:: DATA TO USE

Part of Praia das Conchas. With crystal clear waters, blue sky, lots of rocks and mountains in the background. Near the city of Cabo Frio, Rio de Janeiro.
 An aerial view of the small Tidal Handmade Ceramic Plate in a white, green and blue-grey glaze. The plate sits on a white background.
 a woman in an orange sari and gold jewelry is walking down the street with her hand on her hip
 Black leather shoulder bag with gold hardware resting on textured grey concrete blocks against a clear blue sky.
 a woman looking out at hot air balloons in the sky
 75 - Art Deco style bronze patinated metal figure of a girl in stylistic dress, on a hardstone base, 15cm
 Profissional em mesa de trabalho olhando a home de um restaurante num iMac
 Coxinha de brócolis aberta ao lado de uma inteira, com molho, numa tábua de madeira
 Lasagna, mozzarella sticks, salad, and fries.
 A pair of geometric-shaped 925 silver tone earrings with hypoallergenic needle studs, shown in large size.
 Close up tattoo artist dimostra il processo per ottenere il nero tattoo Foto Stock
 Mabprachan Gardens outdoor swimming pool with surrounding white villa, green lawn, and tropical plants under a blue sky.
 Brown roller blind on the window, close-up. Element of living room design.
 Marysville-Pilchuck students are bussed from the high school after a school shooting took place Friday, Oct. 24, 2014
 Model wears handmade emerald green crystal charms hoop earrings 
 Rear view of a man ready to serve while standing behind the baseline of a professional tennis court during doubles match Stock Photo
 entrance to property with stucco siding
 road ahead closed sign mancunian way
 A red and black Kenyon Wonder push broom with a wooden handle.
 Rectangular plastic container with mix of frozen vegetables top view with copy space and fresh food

::::

EXERCISE DESCRIPTION: Output every record above, exactly as written.

FINAL ANSWER:
Part of Praia das Conchas. With crystal clear waters, blue sky, lots of rocks and mountains in the background. Near the city of Cabo Frio, Rio de Janeiro.
 An aerial view of the small Tidal Handmade Ceramic Plate in a white, green and blue-grey glaze. The plate sits on a white background.
 a woman in an orange sari and gold jewelry is walking down the street with her hand on her hip
 Black leather shoulder bag with gold hardware resting on textured grey concrete blocks against a clear blue sky.
 a woman looking out at hot air balloons in the sky
 75 - Art Deco style bronze patinated metal figure of a girl in stylistic dress, on a hardstone base, 15cm
 Profissional em mesa de trabalho olhando a home de um restaurante num iMac
 Coxinha de brócolis aberta ao lado de uma inteira, com molho, numa tábua de madeira
 Lasagna, mozzarella sticks, salad, and fries.
 A pair of geometric-shaped 925 silver tone earrings with hypoallergenic needle studs, shown in large size.
 Close up tattoo artist dimostra il processo per ottenere il nero tattoo Foto Stock
 Mabprachan Gardens outdoor swimming pool with surrounding white villa, green lawn, and tropical plants under a blue sky.
 Brown roller blind on the window, close-up. Element of living room design.
 Marysville-Pilchuck students are bussed from the high school after a school shooting took place Friday, Oct. 24, 2014
 Model wears handmade emerald green crystal charms hoop earrings 
 Rear view of a man ready to serve while standing behind the baseline of a professional tennis court during doubles match Stock Photo
 entrance to property with stucco siding
 road ahead closed sign mancunian way
 A red and black Kenyon Wonder push broom with a wooden handle.
 Rectangular plastic container with mix of frozen vegetables top view with copy space and fresh food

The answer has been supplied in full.